(Exercise instructions): Reproduce verbatim all of the data given below, but do not carry over the images.

# # # # #

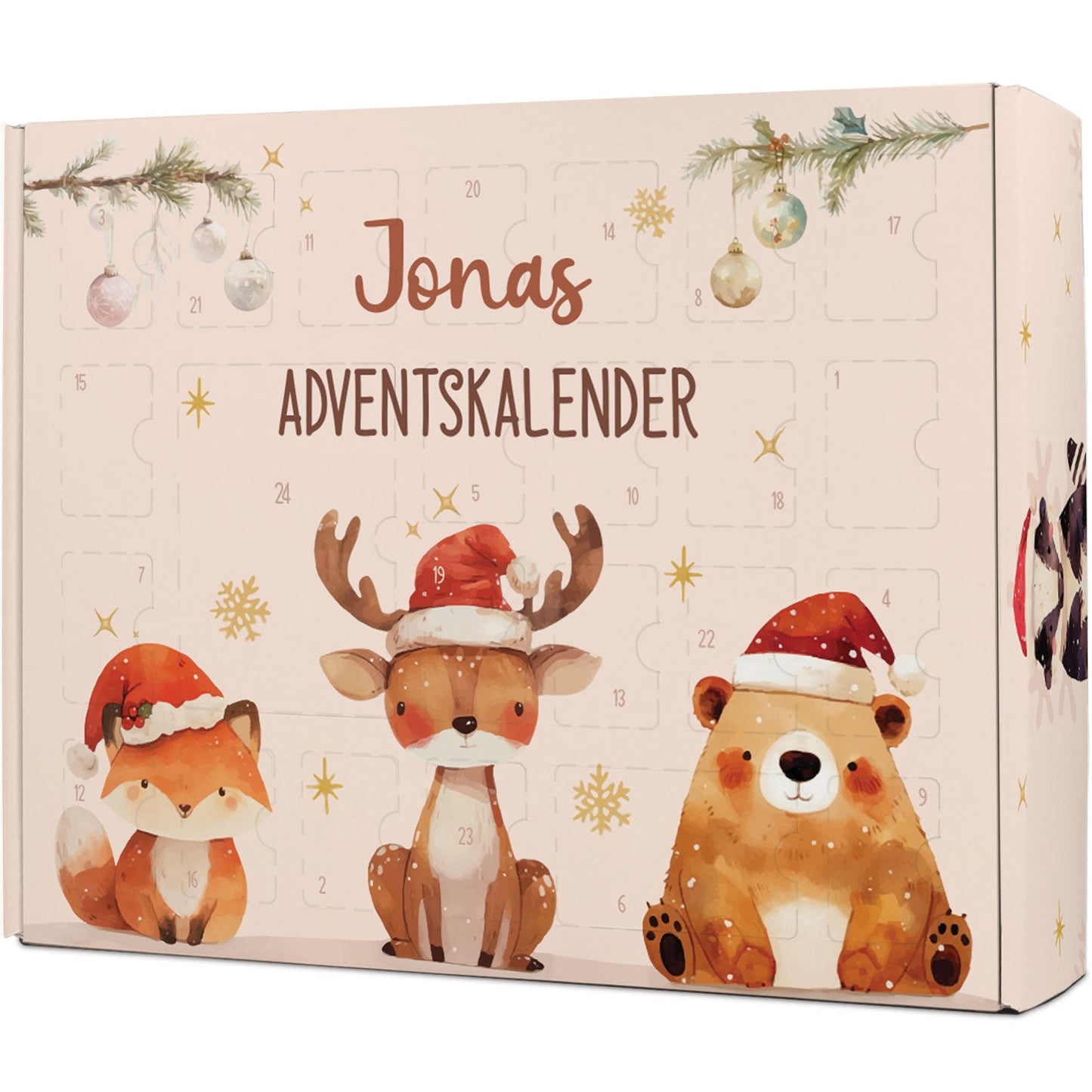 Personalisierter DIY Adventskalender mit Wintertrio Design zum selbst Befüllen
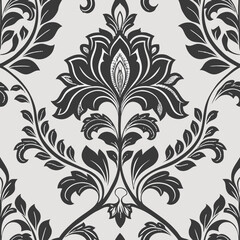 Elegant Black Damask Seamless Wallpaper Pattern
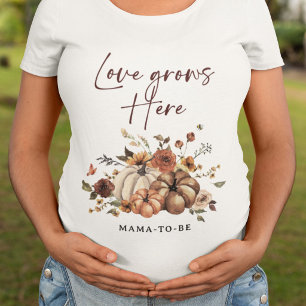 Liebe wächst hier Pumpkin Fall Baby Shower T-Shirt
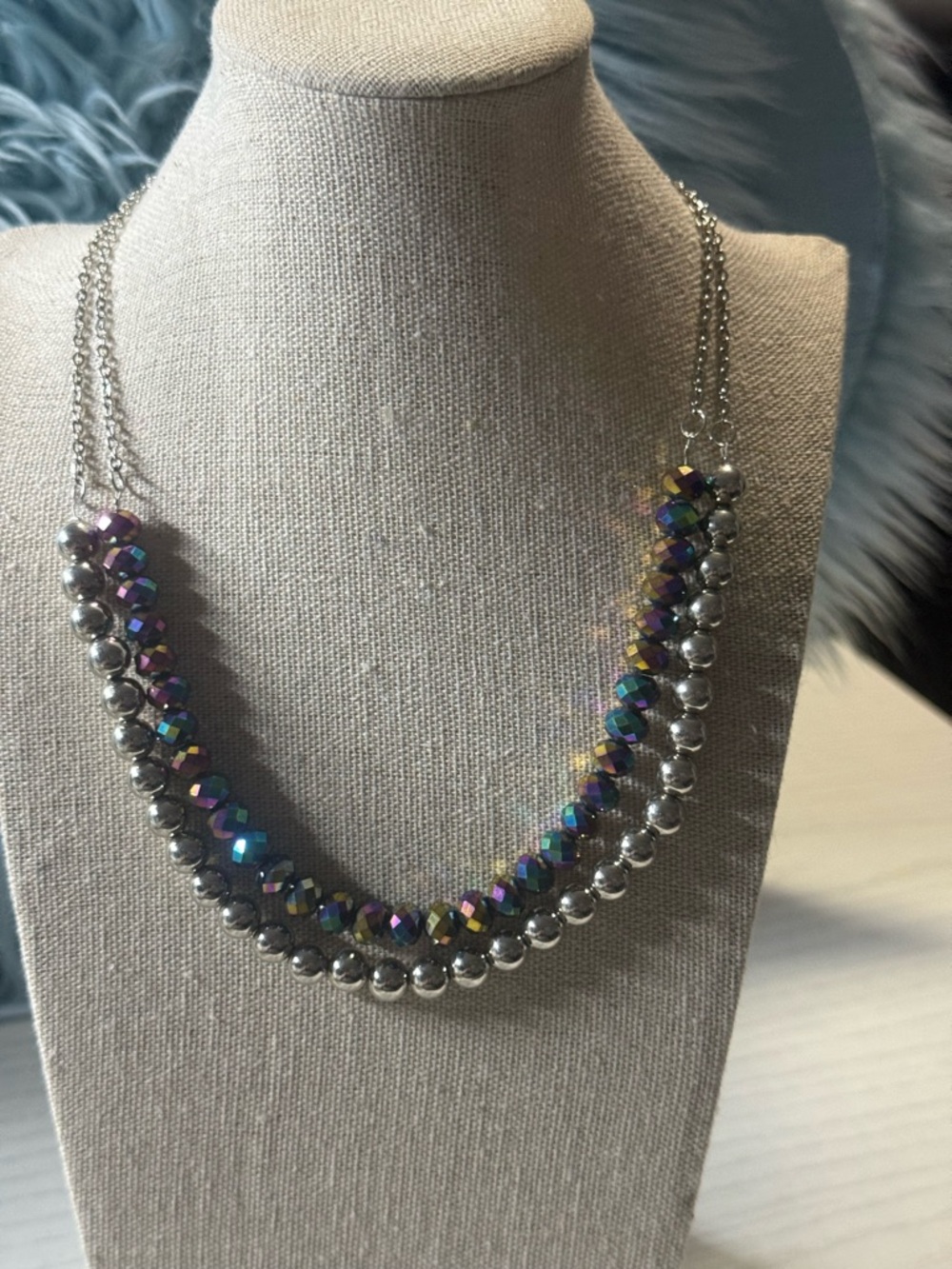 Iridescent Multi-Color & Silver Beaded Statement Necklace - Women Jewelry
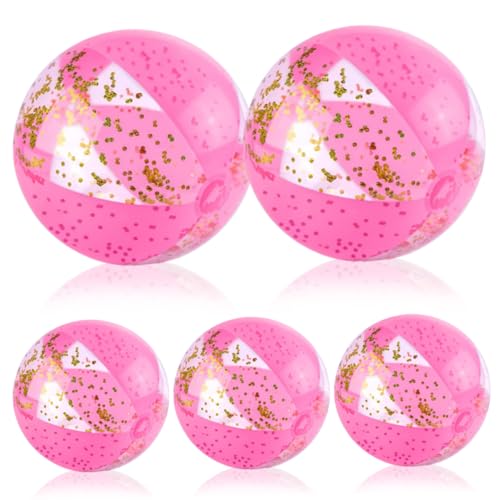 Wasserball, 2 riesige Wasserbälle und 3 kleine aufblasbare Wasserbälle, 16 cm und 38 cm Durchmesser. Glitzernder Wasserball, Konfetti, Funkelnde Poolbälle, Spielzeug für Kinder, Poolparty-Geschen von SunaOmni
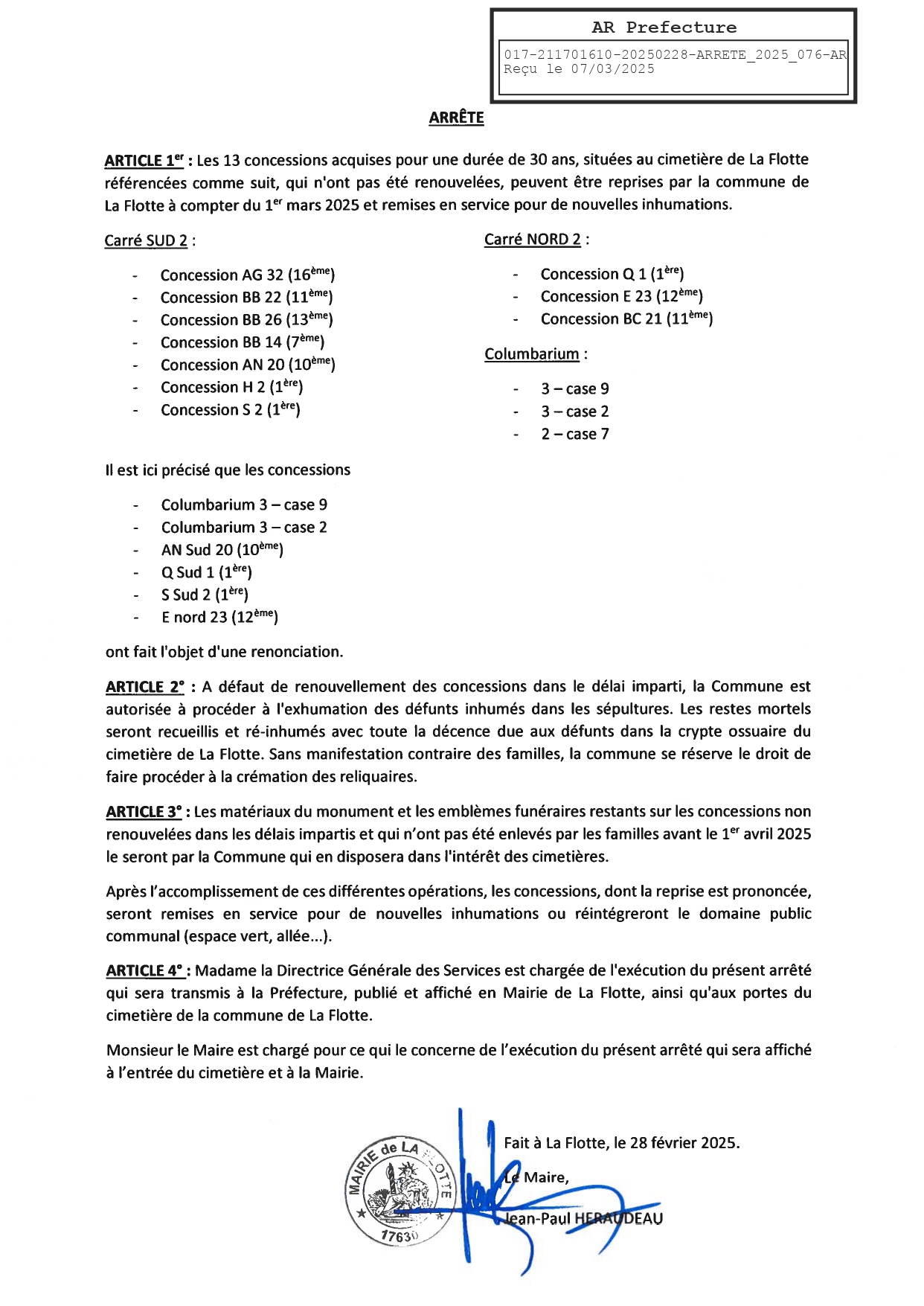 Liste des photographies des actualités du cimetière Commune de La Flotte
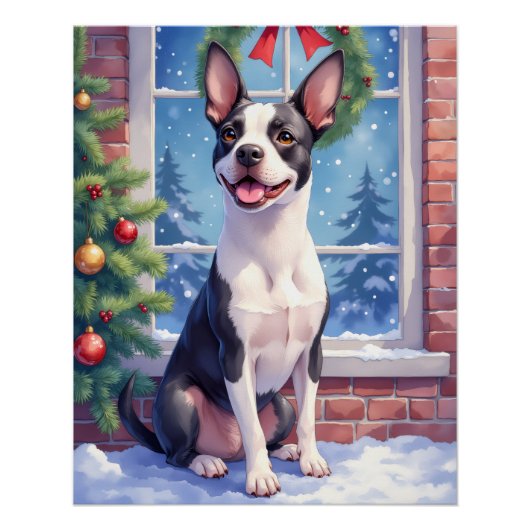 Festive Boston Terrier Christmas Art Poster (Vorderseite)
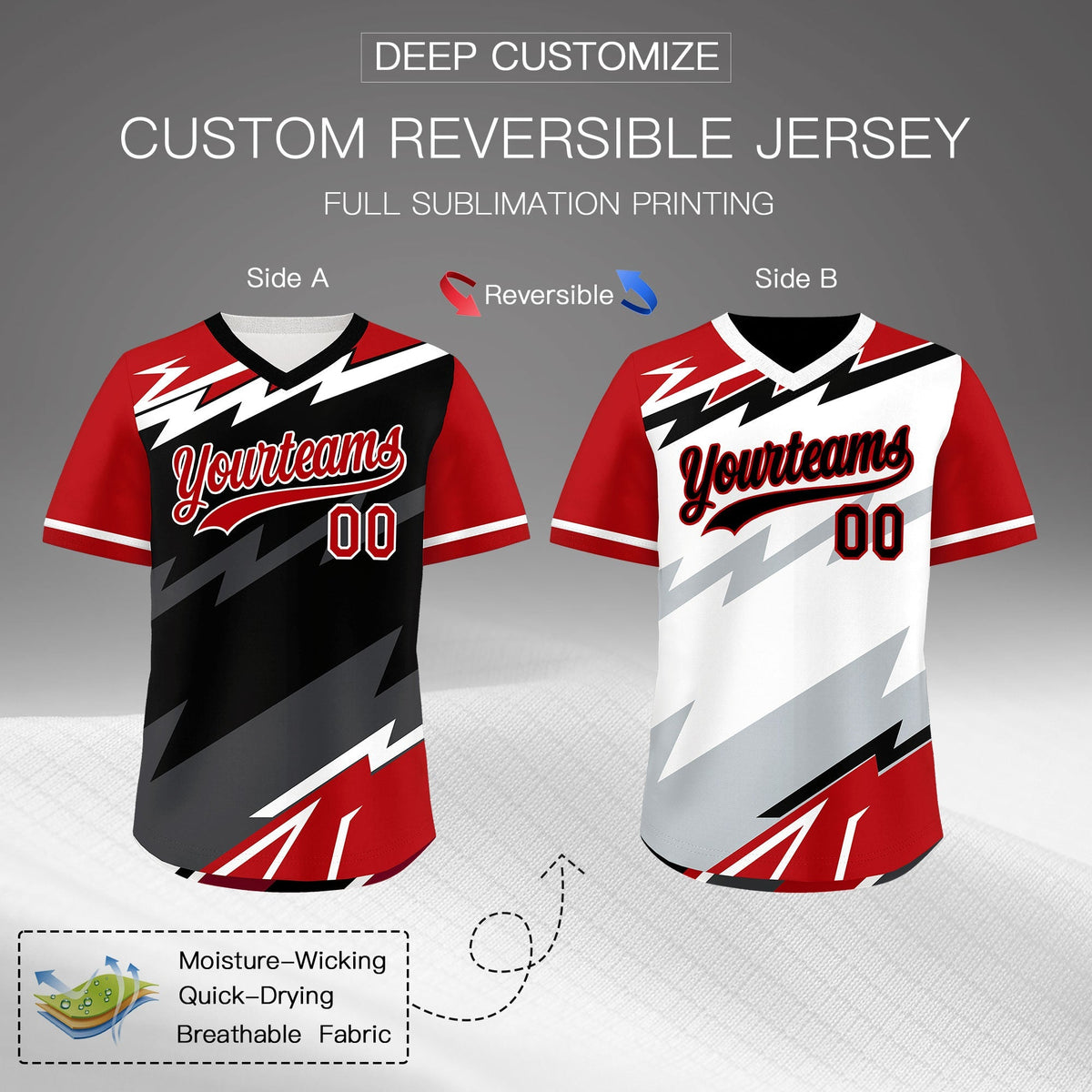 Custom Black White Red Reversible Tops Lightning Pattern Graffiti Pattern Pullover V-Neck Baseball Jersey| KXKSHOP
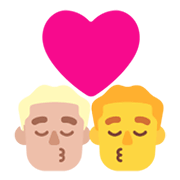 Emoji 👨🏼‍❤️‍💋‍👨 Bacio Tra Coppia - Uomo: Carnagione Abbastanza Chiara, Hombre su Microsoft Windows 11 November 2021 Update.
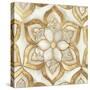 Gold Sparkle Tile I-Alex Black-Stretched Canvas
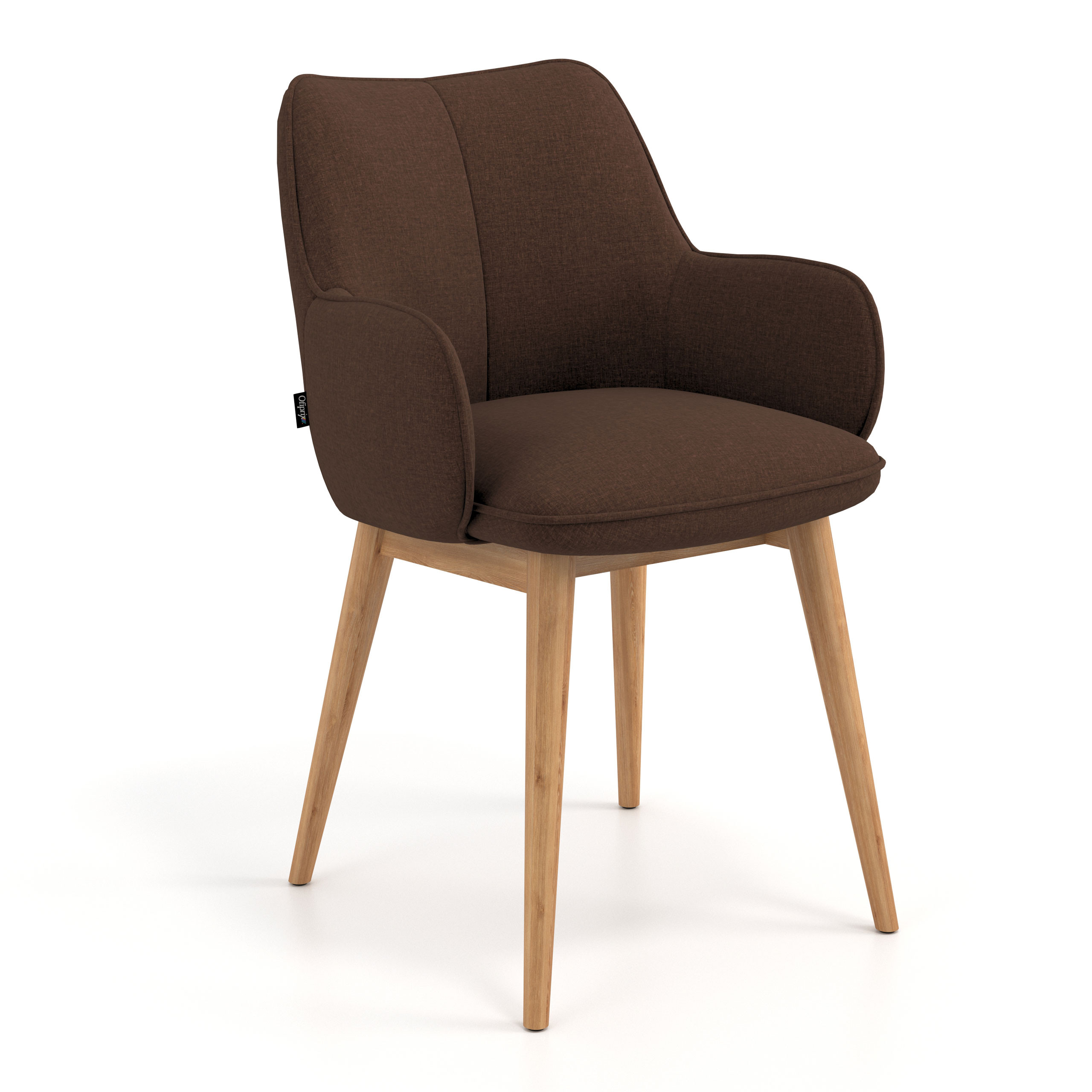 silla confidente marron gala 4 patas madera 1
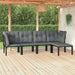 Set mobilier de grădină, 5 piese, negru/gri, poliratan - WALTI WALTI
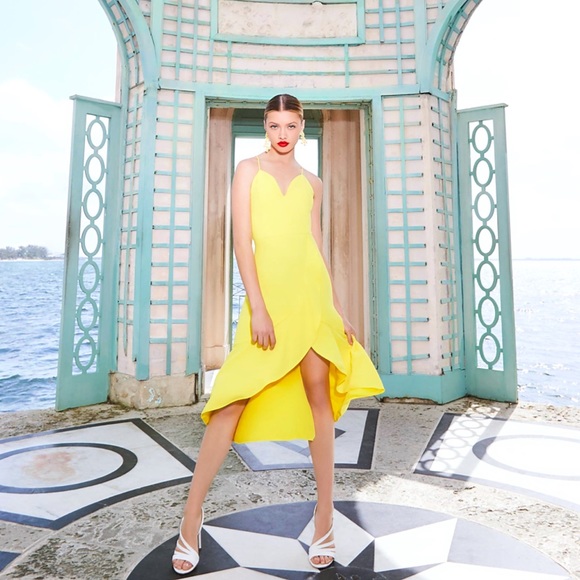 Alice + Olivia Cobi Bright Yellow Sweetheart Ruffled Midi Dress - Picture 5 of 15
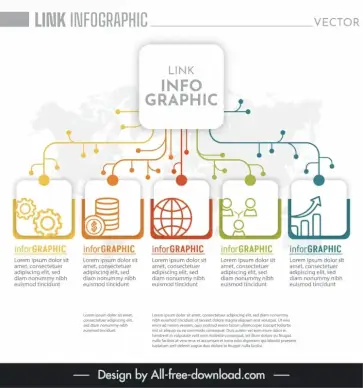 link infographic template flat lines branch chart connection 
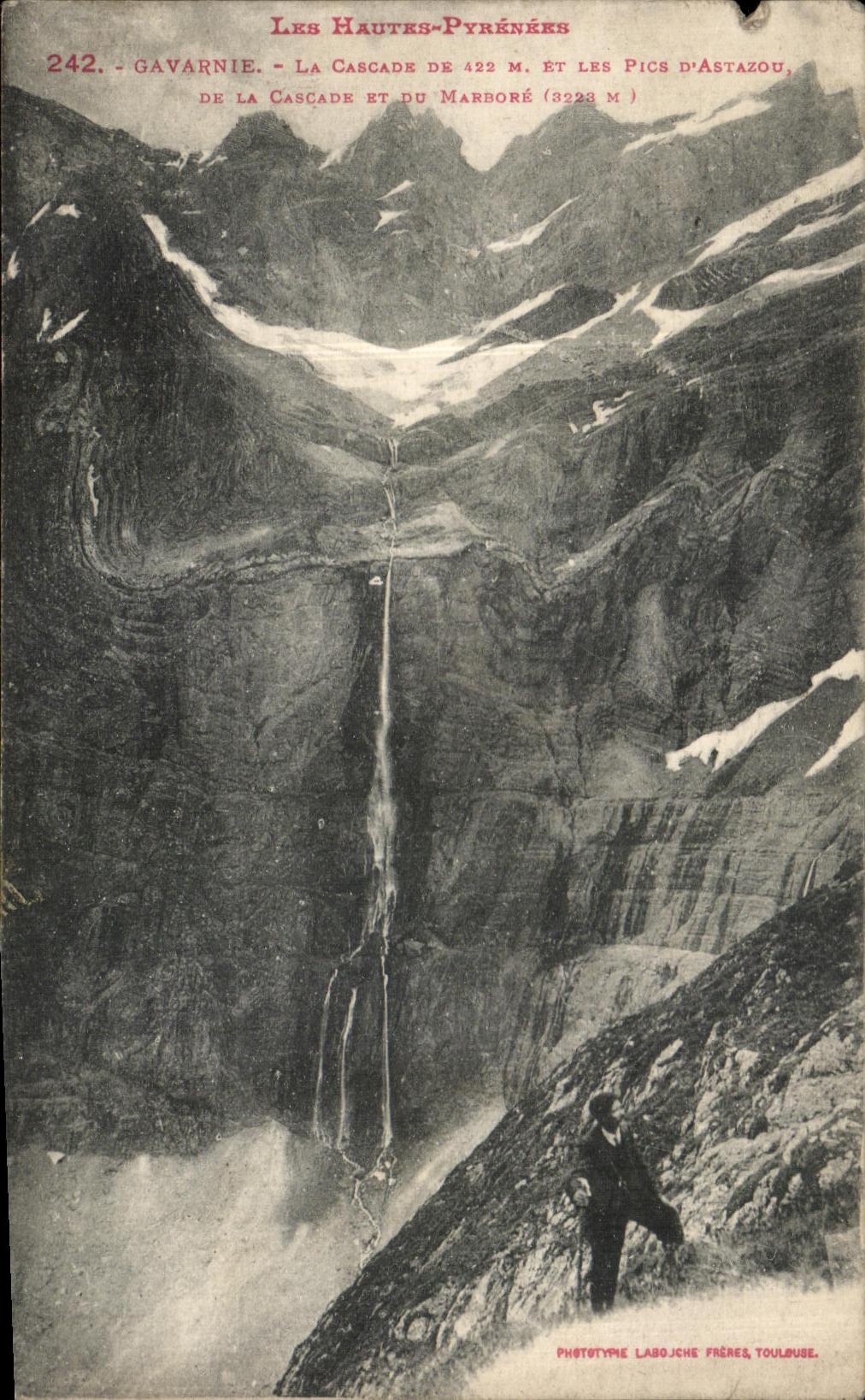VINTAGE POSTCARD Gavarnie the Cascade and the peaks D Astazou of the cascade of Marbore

# # # # #

(Exercise result):
 Personalisierter DIY Adventskalender mit Wintertrio Design zum selbst Befüllen
 Elegant Black Damask Seamless Wallpaper Pattern
 Liebe wächst hier Pumpkin Fall Baby Shower T-Shirt
 Iridescent Multi-Color & Silver Beaded Statement Necklace - Women Jewelry
 Wasserball, 2 riesige Wasserbälle und 3 kleine aufblasbare Wasserbälle, 16 cm und 38 cm Durchmesser. Glitzernder Wasserball, Konfetti, Funkelnde Poolbälle, Spielzeug für Kinder, Poolparty-Geschen von SunaOmni
 Liste des photographies des actualités du cimetière Commune de La Flotte
 Festive Boston Terrier Christmas Art Poster (Vorderseite)
 Custom Black White Red Reversible Tops Lightning Pattern Graffiti Pattern Pullover V-Neck Baseball Jersey| KXKSHOP
 Emoji 👨🏼‍❤️‍💋‍👨 Bacio Tra Coppia - Uomo: Carnagione Abbastanza Chiara, Hombre su Microsoft Windows 11 November 2021 Update.
 Gold Sparkle Tile I-Alex Black-Stretched Canvas
 silla confidente marron gala 4 patas madera 1
 Set mobilier de grădină, 5 piese, negru/gri, poliratan - WALTI WALTI
 Alice + Olivia Cobi Bright Yellow Sweetheart Ruffled Midi Dress - Picture 5 of 15
 link infographic template flat lines branch chart connection 
VINTAGE POSTCARD Gavarnie the Cascade and the peaks D Astazou of the cascade of Marbore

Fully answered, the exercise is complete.